■ Stored data
|---|

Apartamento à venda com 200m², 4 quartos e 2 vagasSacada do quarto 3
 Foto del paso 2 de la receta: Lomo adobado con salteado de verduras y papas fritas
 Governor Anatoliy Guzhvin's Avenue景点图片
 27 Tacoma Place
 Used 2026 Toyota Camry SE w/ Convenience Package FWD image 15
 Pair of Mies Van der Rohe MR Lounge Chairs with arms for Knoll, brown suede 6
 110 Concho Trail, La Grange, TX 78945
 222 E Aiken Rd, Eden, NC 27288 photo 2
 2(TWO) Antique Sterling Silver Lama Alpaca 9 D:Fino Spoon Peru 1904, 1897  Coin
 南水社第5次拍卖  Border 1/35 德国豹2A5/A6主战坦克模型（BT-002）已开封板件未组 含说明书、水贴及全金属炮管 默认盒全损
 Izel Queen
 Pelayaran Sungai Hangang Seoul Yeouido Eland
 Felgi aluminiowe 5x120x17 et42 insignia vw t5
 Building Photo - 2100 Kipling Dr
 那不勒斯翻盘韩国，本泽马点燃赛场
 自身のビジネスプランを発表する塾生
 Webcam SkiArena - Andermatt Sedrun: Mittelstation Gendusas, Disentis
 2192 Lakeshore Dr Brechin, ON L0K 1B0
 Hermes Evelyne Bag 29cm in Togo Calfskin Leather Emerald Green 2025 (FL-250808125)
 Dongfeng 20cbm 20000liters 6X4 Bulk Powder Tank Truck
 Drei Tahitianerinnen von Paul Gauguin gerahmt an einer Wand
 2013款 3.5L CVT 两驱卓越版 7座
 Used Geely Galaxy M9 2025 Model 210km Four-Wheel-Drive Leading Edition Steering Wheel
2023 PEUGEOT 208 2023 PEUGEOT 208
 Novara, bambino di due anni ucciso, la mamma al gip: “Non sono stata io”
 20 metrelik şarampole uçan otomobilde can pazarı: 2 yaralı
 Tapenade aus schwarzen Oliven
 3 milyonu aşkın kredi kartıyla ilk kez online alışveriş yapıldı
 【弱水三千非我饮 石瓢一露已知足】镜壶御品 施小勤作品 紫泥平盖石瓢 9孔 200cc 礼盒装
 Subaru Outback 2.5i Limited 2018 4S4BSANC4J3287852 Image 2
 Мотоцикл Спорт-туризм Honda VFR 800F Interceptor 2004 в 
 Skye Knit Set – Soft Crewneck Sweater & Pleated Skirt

|---|

Would you output, from the records above, exactly the run of lines that starts at the line containing "Webcam SkiArena - Andermatt" and ends at the line containing "Novara, bambino di", and only that run?

 Webcam SkiArena - Andermatt Sedrun: Mittelstation Gendusas, Disentis
 2192 Lakeshore Dr Brechin, ON L0K 1B0
 Hermes Evelyne Bag 29cm in Togo Calfskin Leather Emerald Green 2025 (FL-250808125)
 Dongfeng 20cbm 20000liters 6X4 Bulk Powder Tank Truck
 Drei Tahitianerinnen von Paul Gauguin gerahmt an einer Wand
 2013款 3.5L CVT 两驱卓越版 7座
 Used Geely Galaxy M9 2025 Model 210km Four-Wheel-Drive Leading Edition Steering Wheel
2023 PEUGEOT 208 2023 PEUGEOT 208
 Novara, bambino di due anni ucciso, la mamma al gip: “Non sono stata io”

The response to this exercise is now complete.